§ TASK DETAILS
Return only those lines of the listing that hold the word "using".

____________________

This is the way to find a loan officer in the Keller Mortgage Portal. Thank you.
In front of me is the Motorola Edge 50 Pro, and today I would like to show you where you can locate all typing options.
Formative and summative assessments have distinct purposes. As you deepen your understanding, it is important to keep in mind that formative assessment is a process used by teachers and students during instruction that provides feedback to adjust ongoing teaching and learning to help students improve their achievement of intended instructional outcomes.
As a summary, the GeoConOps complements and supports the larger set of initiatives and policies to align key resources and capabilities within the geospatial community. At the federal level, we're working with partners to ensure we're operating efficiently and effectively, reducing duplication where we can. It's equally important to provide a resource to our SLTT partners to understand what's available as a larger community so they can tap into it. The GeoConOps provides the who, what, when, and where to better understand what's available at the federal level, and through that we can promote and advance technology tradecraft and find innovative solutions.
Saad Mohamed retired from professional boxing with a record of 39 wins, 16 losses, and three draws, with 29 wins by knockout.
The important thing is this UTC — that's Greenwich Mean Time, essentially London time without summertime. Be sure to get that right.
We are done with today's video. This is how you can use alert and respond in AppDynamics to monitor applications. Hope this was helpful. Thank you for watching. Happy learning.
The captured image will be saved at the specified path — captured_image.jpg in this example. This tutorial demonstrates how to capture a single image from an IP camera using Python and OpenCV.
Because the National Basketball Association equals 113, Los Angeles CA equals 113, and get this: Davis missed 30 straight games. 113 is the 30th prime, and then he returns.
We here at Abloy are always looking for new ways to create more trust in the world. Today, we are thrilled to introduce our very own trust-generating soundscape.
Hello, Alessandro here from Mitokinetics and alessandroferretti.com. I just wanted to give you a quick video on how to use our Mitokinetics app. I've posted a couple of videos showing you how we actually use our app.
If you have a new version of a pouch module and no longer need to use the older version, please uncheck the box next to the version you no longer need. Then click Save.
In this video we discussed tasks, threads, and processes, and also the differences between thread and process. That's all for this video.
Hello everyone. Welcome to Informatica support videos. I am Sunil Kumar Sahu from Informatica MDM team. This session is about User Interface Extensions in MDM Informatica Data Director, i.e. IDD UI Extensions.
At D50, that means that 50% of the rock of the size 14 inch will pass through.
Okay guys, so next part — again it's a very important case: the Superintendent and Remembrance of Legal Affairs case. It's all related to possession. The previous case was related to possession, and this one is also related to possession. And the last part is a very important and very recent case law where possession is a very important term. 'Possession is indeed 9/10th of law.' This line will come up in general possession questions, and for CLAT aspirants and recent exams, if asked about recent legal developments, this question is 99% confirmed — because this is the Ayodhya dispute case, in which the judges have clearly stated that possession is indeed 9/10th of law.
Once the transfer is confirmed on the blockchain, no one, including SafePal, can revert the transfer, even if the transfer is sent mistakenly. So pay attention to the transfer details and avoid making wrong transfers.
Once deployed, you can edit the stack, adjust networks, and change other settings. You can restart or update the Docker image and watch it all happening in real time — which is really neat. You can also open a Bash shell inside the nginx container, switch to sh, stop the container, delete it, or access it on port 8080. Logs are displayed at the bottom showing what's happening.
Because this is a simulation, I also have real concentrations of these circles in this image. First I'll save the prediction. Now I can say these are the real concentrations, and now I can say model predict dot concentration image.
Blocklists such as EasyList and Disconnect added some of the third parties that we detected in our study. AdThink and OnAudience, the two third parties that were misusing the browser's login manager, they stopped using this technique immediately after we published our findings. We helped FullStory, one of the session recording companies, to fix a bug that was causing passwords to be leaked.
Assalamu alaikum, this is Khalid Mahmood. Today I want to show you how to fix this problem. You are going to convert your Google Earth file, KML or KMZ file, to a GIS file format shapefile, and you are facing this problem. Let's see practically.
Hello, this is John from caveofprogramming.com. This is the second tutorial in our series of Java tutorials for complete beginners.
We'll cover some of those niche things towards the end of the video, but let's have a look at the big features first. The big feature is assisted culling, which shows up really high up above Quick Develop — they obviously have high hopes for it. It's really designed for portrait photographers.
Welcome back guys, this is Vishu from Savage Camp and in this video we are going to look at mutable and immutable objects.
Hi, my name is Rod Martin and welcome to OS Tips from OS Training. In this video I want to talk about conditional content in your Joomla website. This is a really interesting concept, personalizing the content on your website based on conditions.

____________________

§ TASK OUTPUT
The captured image will be saved at the specified path — captured_image.jpg in this example. This tutorial demonstrates how to capture a single image from an IP camera using Python and OpenCV.
Blocklists such as EasyList and Disconnect added some of the third parties that we detected in our study. AdThink and OnAudience, the two third parties that were misusing the browser's login manager, they stopped using this technique immediately after we published our findings. We helped FullStory, one of the session recording companies, to fix a bug that was causing passwords to be leaked.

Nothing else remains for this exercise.